EVERYONE deserves that one PERFECT relationship just once in a lifetime.

I guess if you can hire devout Communist and anarchist Bill Ayres to write your books for you, you can recreate your own personal history to suit any whim. That must be just one of those perks that only go to the Elite in Leftist society. Conservatives, on the other hand, are to be held to account for their sins, lies, and indiscretions.



Google, which sits atop more data than anybody outside the NSA, is presenting Bill Ayers as the author of Barack Obama's purported first autobiography, Dreams from My Father. Follow this link and see it while you can. If it is gone by the time you read this, a screen shot of the page, and a close-up on the Dreams entry are provided for posterity.

Google knows so much about us already that privacy activists are alarmed. What data are its algorithms sifting through to come to the conclusion that yes, the stylistic parallels to Ayers' other books are formidable and Barry never showed any sign of an ability to write this way before or after, and yes, Christopher Anderson's friendly biography includes the information that Obama found himself deeply in debt and "hopelessly blocked." At "Michelle's urging," Obama "sought advice from his friend and Hyde Park neighbor Bill Ayers."


So the company that supposedly knows more about us than we know ourselves also knows who wrote Dreams from My Father.

Read more: American Thinker




Rush Linbaugh...He (Obama) was such a "cool guy," you would think women would be falling out of the woodwork here telling us what a great, cool dude Obama was. And people inspired by his professorship at the University of Chicago teaching how to overthrow private sector governments and so forth, too. You would think there would be a lot of people coming forth and saying, "Yeah, Obama, he was such a cool guy. He really inspired me!" You can't find these people. You can't find 'em.

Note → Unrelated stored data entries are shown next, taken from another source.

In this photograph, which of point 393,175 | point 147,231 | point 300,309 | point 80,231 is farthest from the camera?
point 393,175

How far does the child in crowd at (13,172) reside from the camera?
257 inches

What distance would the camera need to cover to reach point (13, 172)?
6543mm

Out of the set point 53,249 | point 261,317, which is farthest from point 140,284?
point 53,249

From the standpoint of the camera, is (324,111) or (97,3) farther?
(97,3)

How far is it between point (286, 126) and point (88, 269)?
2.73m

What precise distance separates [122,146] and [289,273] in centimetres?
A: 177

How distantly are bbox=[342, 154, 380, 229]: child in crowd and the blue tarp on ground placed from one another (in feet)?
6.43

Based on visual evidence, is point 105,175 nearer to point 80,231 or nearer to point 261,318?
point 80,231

Now, Dylan Byers says, "One of the more mysterious characters from President Obama's 1995 autobiography Dreams From My Father is the so-called 'New York girlfriend.' Obama never referred to her by name, or even by pseudonym [sic], but he describes her appearance, her voice, and her mannerisms in specific detail. But Obama has now told biographer David Maraniss," he used to be at the Washington Post, "that the 'New York girlfriend' was actually a composite character, based off of multiple girlfriends he had both in New York City and in Chicago.

"During an interview in the Oval Office, Obama acknowledged that, while Genevieve was his New York girlfriend, the description in his memoir was a 'compression'..." That's his word. He meant "composite," I'm sure. She "was a 'compression' of girlfriends, including one who followed Genevieve [Cook] when he lived in Chicago,' Maraniss writes..." So the New York girlfriend was a composite. The bunch of girlfriends Obama had, he just combined all the character traits into one woman.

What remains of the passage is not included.